▶ _Task directions_:
The entries below contain pictures. Write out only the lines from the line with "Hoogwaardige dmx 5" up to and including the line with "Napoli (light grey)", exactly, without them.

▶ _Dataset records_:
########

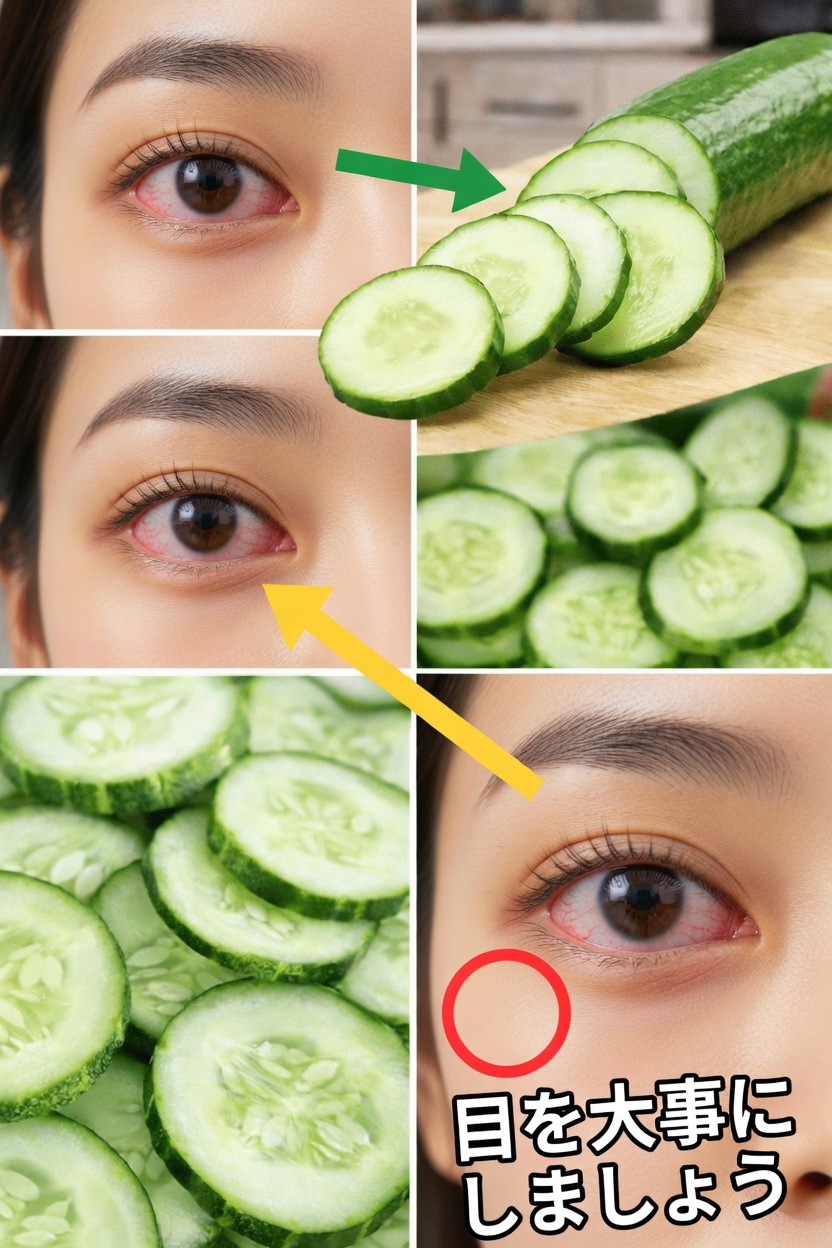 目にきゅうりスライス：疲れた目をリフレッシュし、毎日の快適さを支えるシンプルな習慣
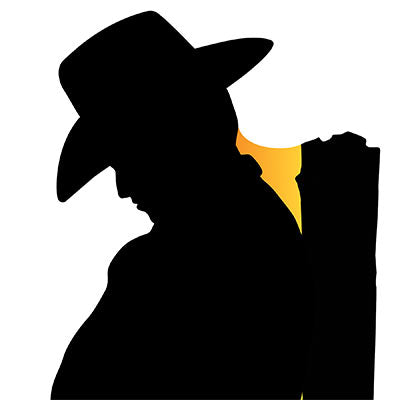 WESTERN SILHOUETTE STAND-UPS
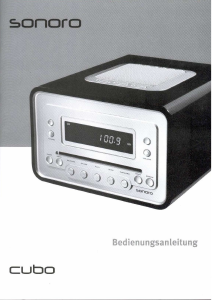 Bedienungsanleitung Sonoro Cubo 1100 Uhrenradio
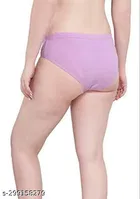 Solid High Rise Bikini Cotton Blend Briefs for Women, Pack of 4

########

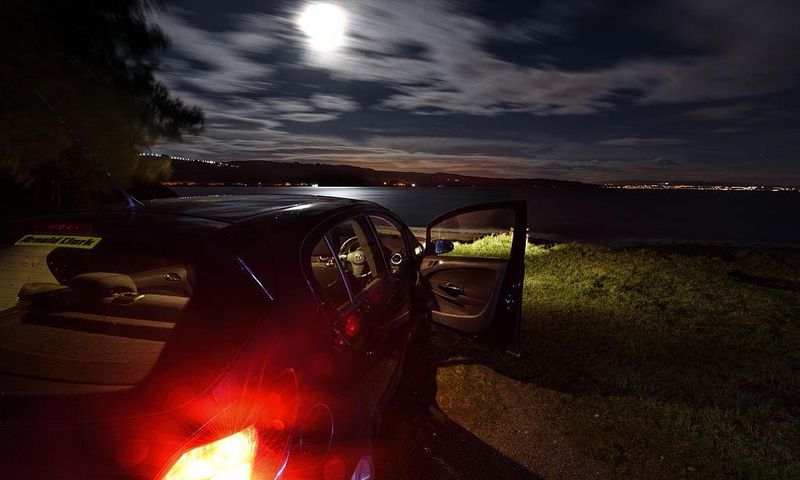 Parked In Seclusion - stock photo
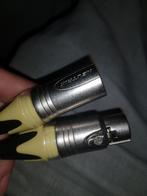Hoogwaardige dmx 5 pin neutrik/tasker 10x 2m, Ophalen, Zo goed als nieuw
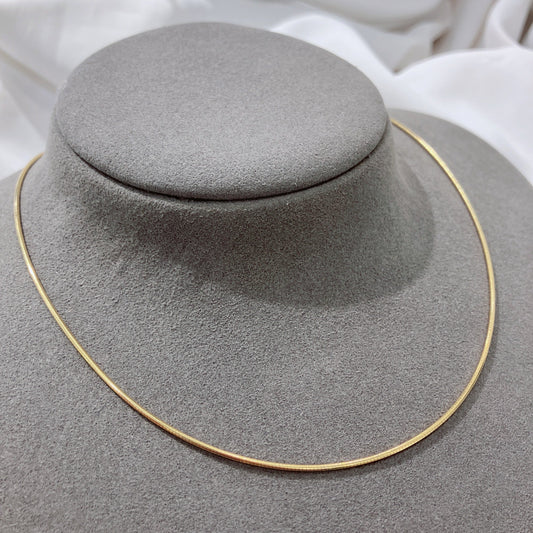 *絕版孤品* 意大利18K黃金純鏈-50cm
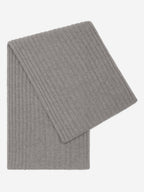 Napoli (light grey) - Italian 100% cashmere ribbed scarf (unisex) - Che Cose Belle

########

▶ _Final answer_:
Hoogwaardige dmx 5 pin neutrik/tasker 10x 2m, Ophalen, Zo goed als nieuw
 *絕版孤品* 意大利18K黃金純鏈-50cm
 Napoli (light grey) - Italian 100% cashmere ribbed scarf (unisex) - Che Cose Belle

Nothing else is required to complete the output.